Dans ses conclusions adressées au greffe par voie électronique le 8 novembre 2022 auxquelles il y a lieu de se référer pour l'exposé des faits et des moyens, la Sarl Laboratoire ECCI demande à la cour de :

- Déclarer et juger recevable mais mal fondé l'appel interjeté par M. [U], l'en débouter,

En conséquence,

- Confirmer la décision entreprise en ce qu'elle a dit que la société Laboratoire ECCI n'a commis aucune faute au cours de la procédure de licenciement pour motif économique de M. [U],

- Confirmer la décision entreprise en ce qu'elle a dit que le licenciement de M. [U] est fondé sur des causes réelles et sérieuses, et que les critères d'ordre ont été respectés,

- Confirmer la décision entreprise en ce qu'elle a débouté M. [U] de l'ensemble de ses demandes, fins et conclusions,

- Confirmer la décision de première instance en son principe en ce qu'elle a condamné M. [U] au versement d'une indemnité au titre de l'article 700 du code de procédure civile, mais la réformer en son quantum,

Statuant de nouveau,

Accueillant l'appel incident de la société Laboratoire ECCI,

- Réformer la décision en ce qu'elle a débouté la concluante de sa demande au titre de l'amende civile,

- Condamner M. [U] à 10 000 euros sur le fondement de l'article 32-1 du Code de procédure civile,

- Réformer la décision de première instance sur le quantum de l'article 700 du code de procédure civile et le porter à la somme de 1 500 euros pour la première instance,

- Condamner M. [U] au versement de la somme de 1 500 euros au titre de l'article 700 du code de procédure civile en cause d'appel,

- Le condamner aux dépens d'appel dont distraction au profit de Maître Hervé Maire, Avocat au Barreau de Bordeaux, y demeurant [Adresse 1].

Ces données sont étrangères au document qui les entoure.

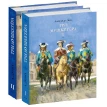Три мушкетера. В 2 томах. Александр Дюма (Alexandre Dumas). Фото 1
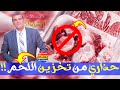 صدمة! هل تعلم خطورة تخزين اللحم ؟ التوضيح و البدائل مع الدكتور محمد الفايد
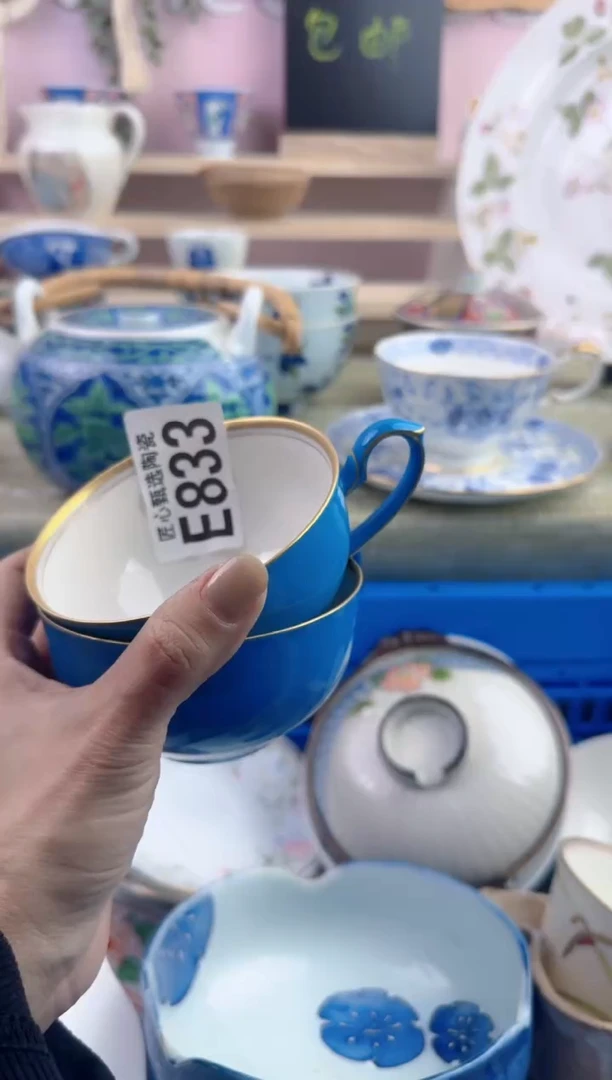 瓷片泡*?         E833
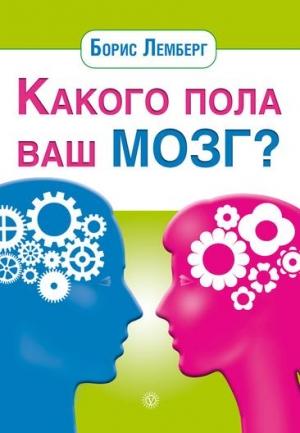 Обложка книги «Какого пола ваш мозг?» — Борис Лемберг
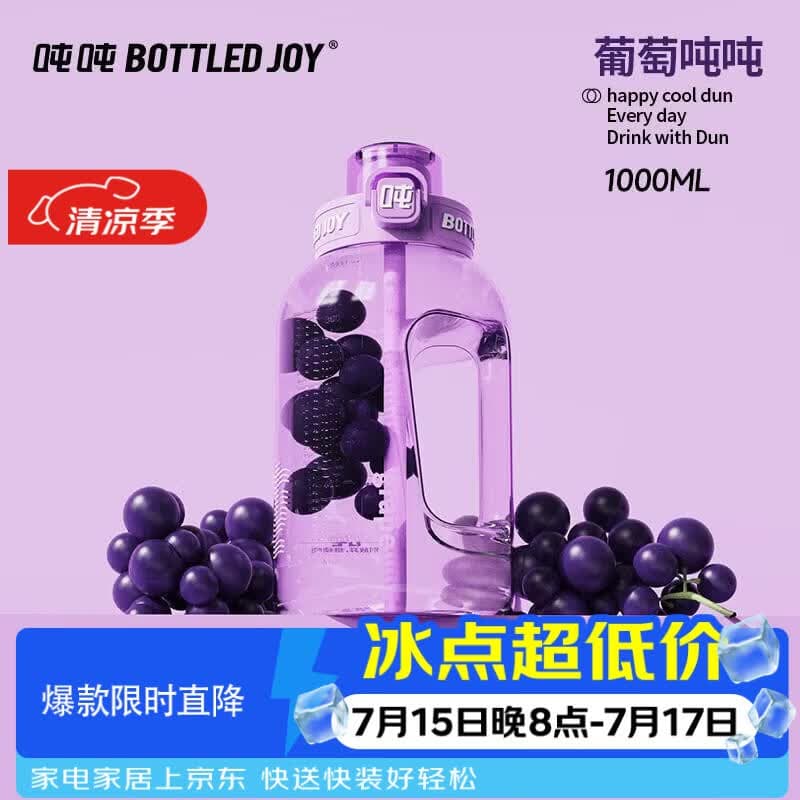 吨吨BOTTLED JOY吨吨桶大容量运动水壶健身吸管水杯顿顿水壶塑料杯子 - 商品图1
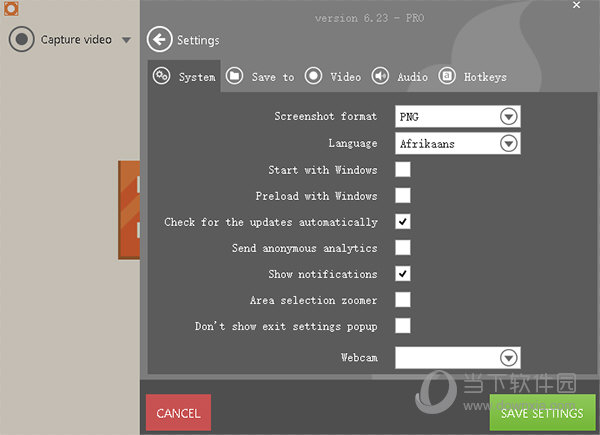 Icecream Screen Recorder Pro
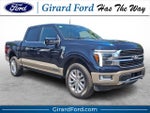 2025 F-150 Thumbnail 1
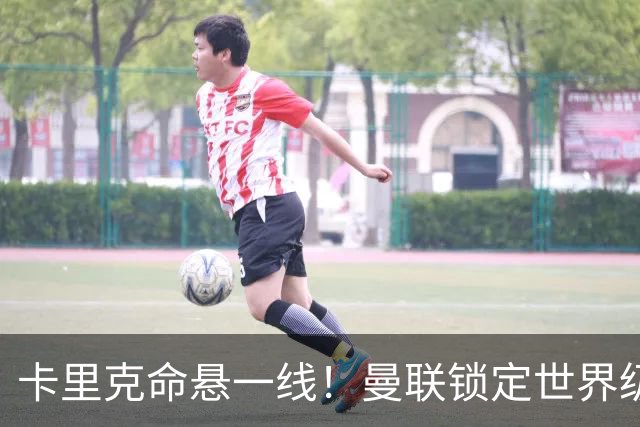 卡里克命悬一线！曼联锁定世界级名帅！他就是下一个穆里尼奥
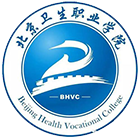 北京衛(wèi)生職業(yè)學(xué)院-?；? /></div>
                        <div   id=
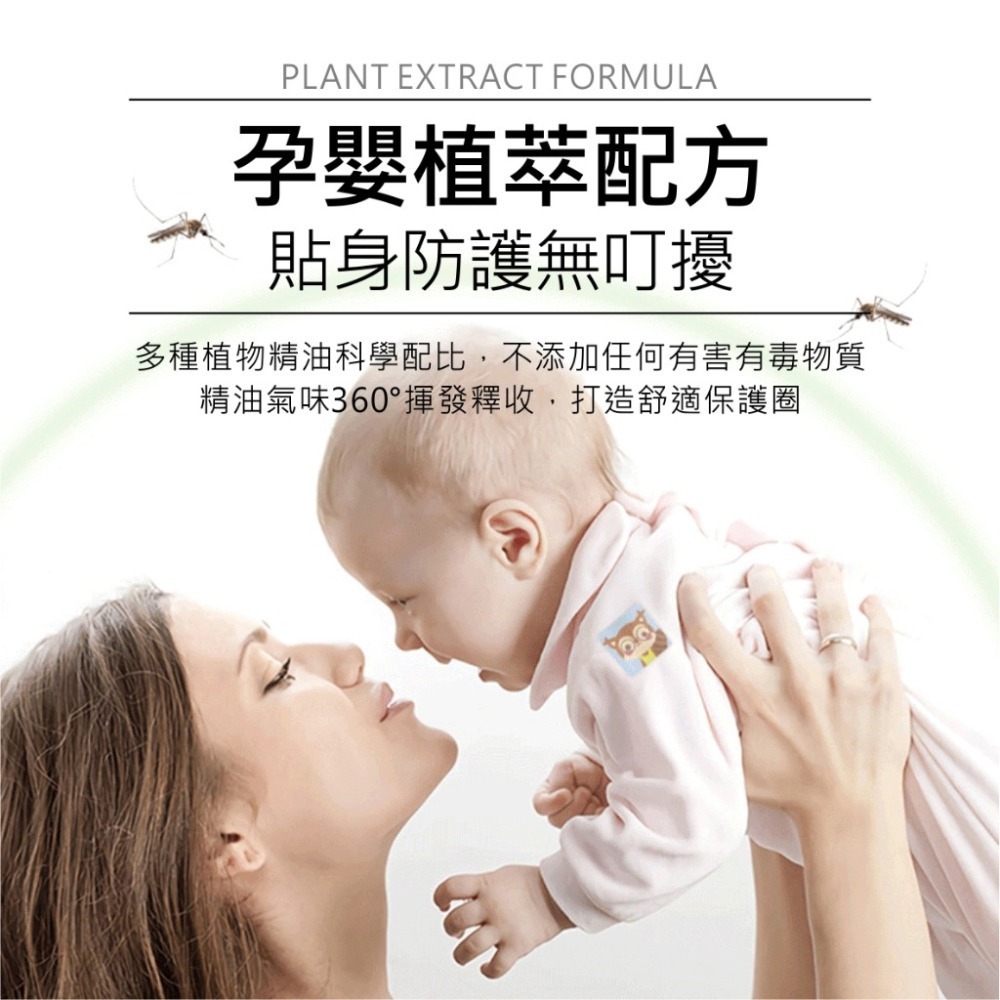 ⚡台灣現貨⚡兒童卡通驅蚊貼36枚 驅蚊貼 口罩貼 驅蚊貼紙 驅蚊扣 植物精油 不織布驅蚊貼 驅蚊液 小黑蚊-細節圖4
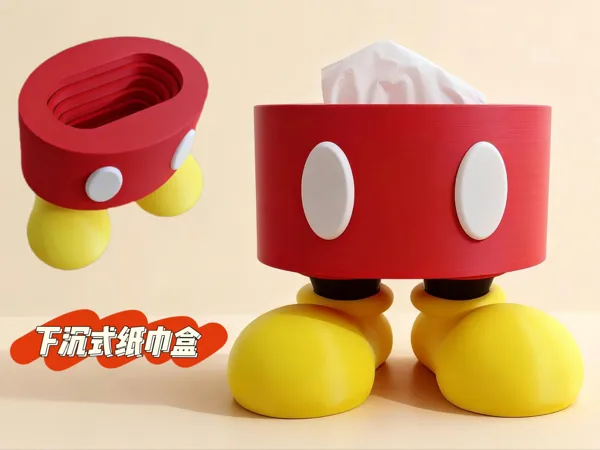 https://makerworld.bblmw.com/makerworld/model/USfa6a42aeca72d/design/68bcf963aeca63ea.jpg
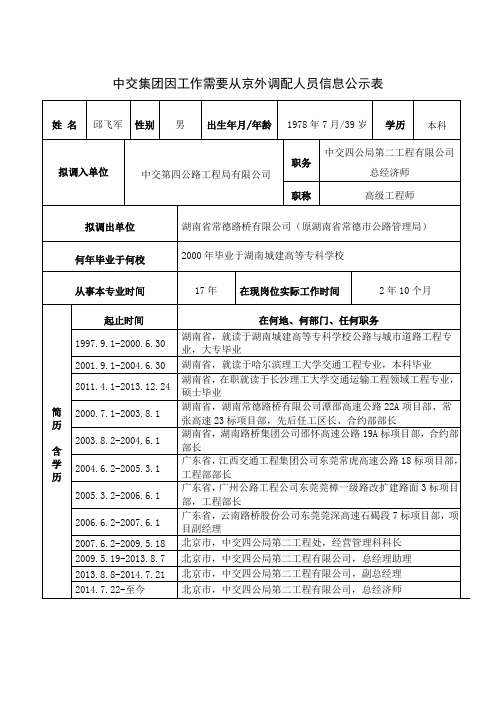 中交集团因工作需要从京外调配人员信息公示表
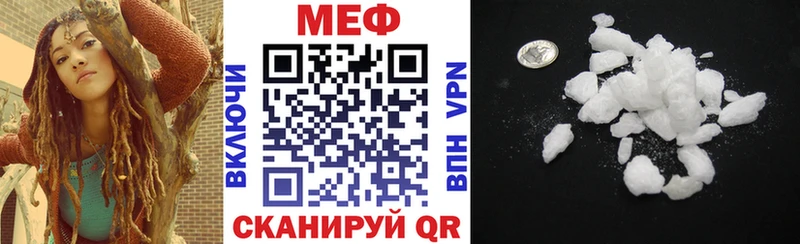 Купить  Миллерово  МЯУ-МЯУ мука 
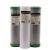 Devotedly Discus DD HMA 80 MM Cartridge Set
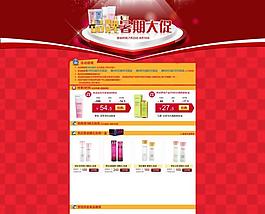 店鋪活動(dòng)圖片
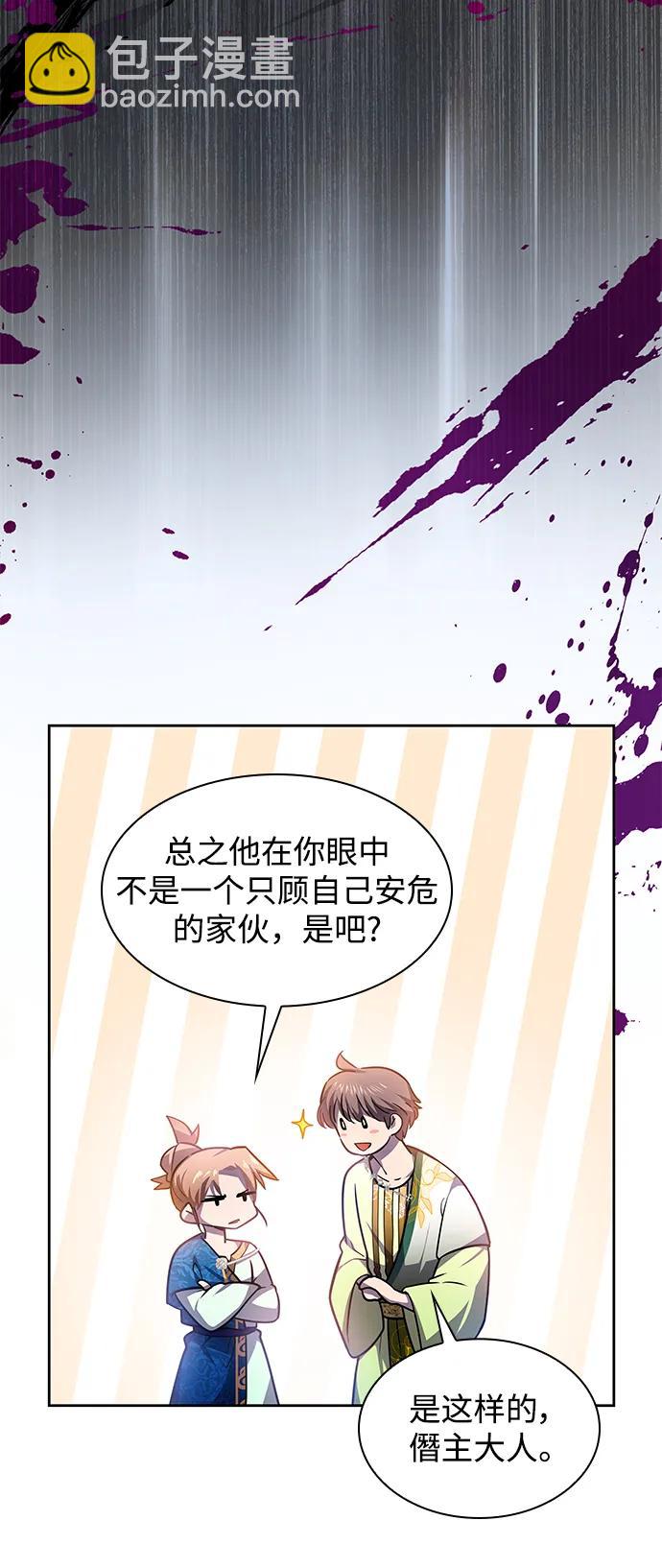 [第83话] 英雄的时代（4）19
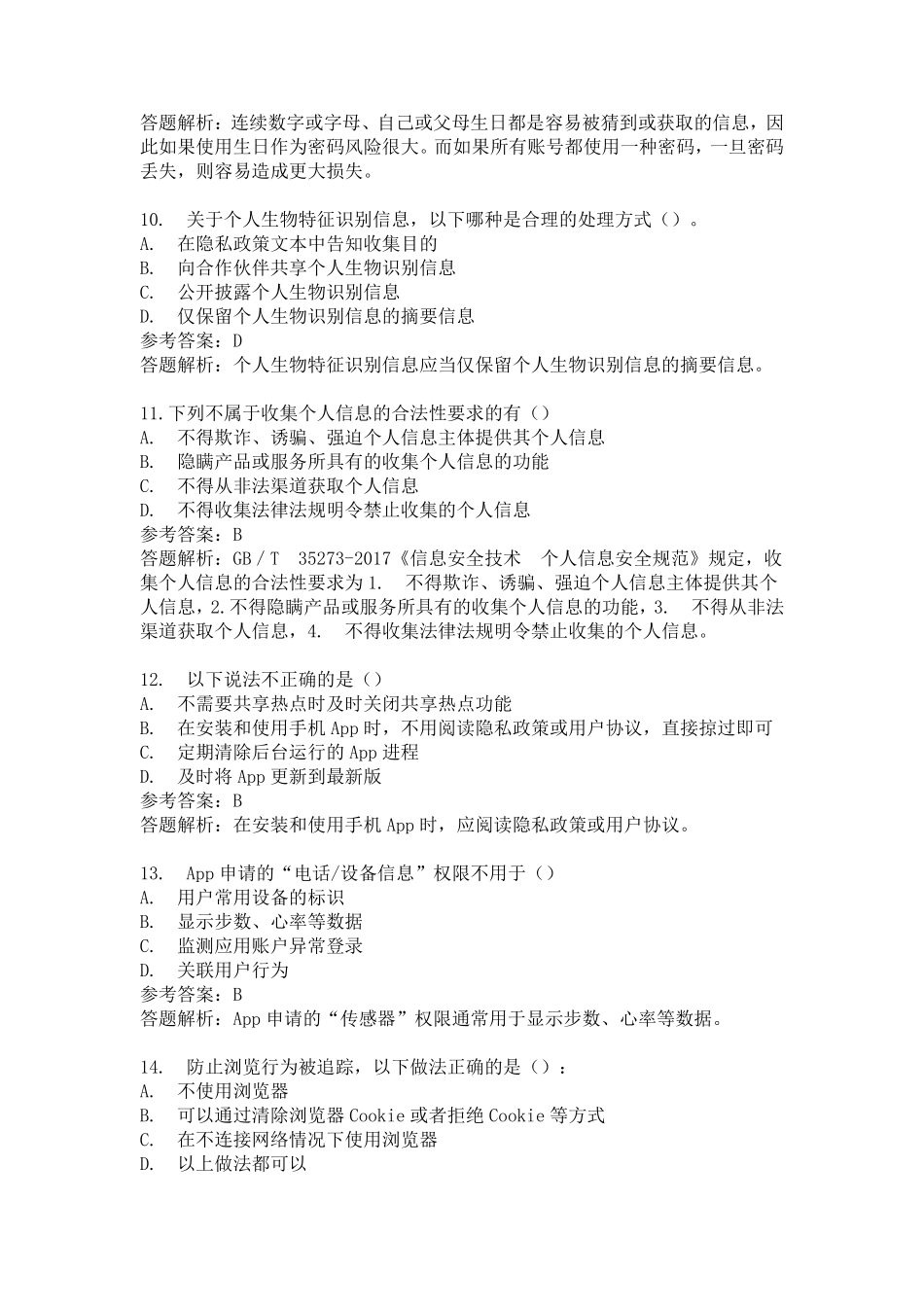 网络安全知识科普题目参考_第3页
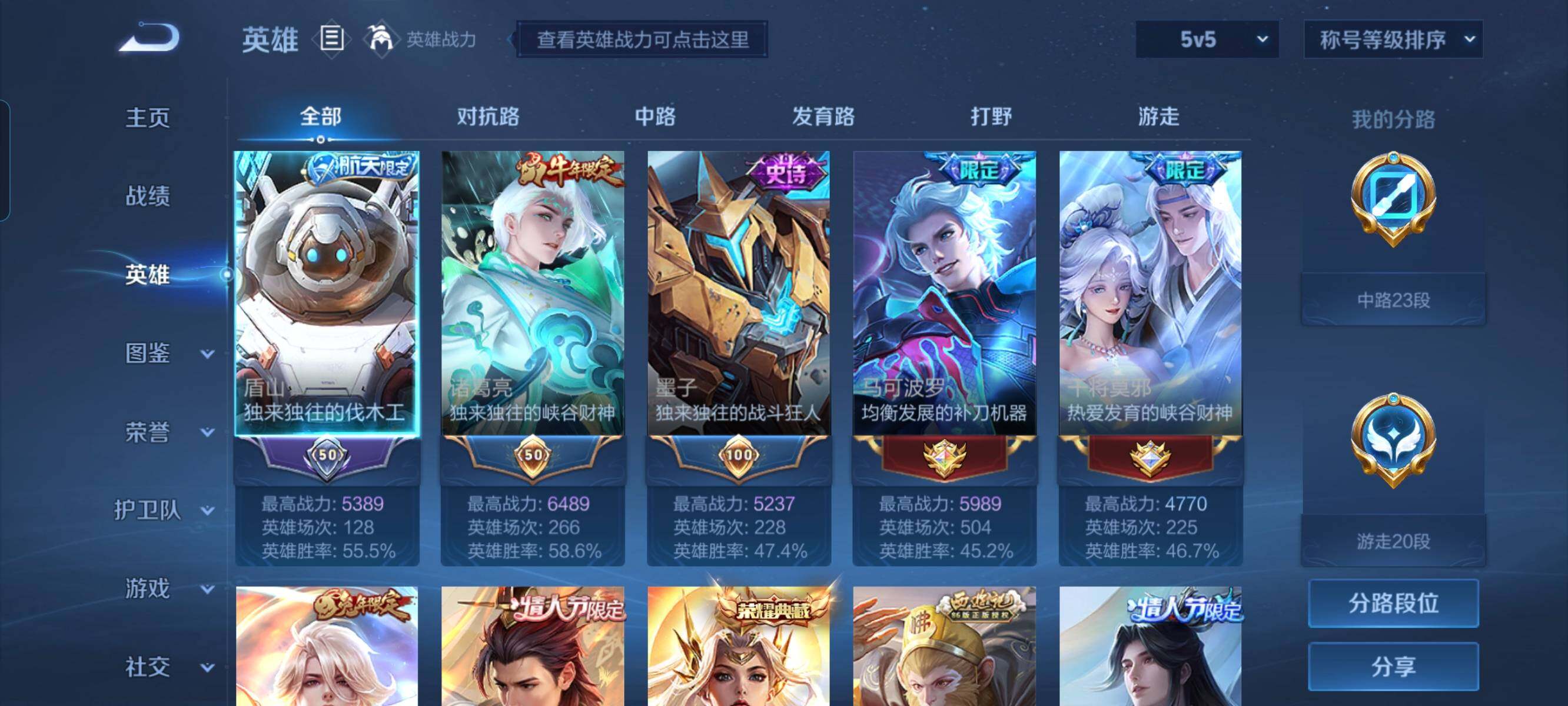WZCMW3290415王者荣耀账号详情图3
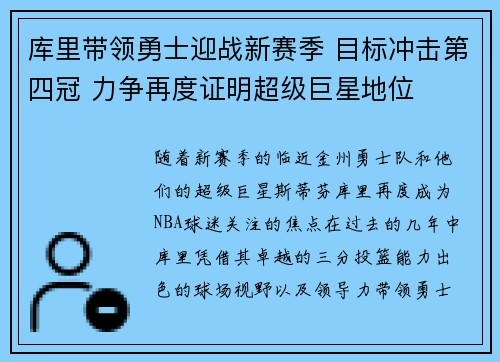 库里带领勇士迎战新赛季 目标冲击第四冠 力争再度证明超级巨星地位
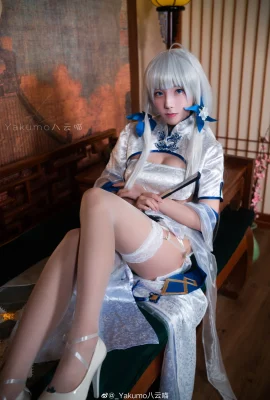 Azur Lane Glory@_Yakumo Yakumo (10 ภาพ)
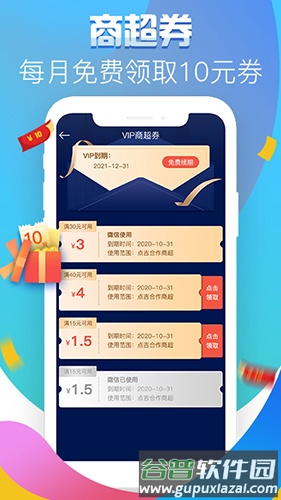 点吉app截图2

L'ordonnance de clôture est intervenue le 13 février 2024.

MOTIFS DE LA DÉCISION

Sur le licenciement

En application de l'article L.1233-3 du code du travail, constitue un licenciement économique le licenciement effectué par un employeur pour un ou plusieurs motifs non inhérents à la personne du salarié résultant d'une suppression ou transformation d'emploi ou d'une modification refusée par le salarié, d'un élément essentiel du contrat de travail consécutives notamment à une réorganisation de l'entreprise nécessaire à la sauvegarde de sa compétitivité.

L'article L.1233-42 du même code prévoit que la lettre de licenciement comporte l'énoncé des motifs économiques invoqués par l'employeur.

Il résulte de l'article L.1233-66 du code du travail que, dans les entreprises non soumises à l'article L.1233-71, comme l'est la société Laboratoire ECCI, l'employeur est tenu de proposer, lors de l'entretien préalable ou à l'issue de la dernière réunion des représentants du personnel, le bénéfice du contrat de sécurisation professionnelle à chaque salarié dont il envisage de prononcer le licenciement pour motif économique.

L'article L.1233-67 poursuit que l'adhésion du salarié au contrat de sécurisation professionnelle emporte rupture du contrat de travail.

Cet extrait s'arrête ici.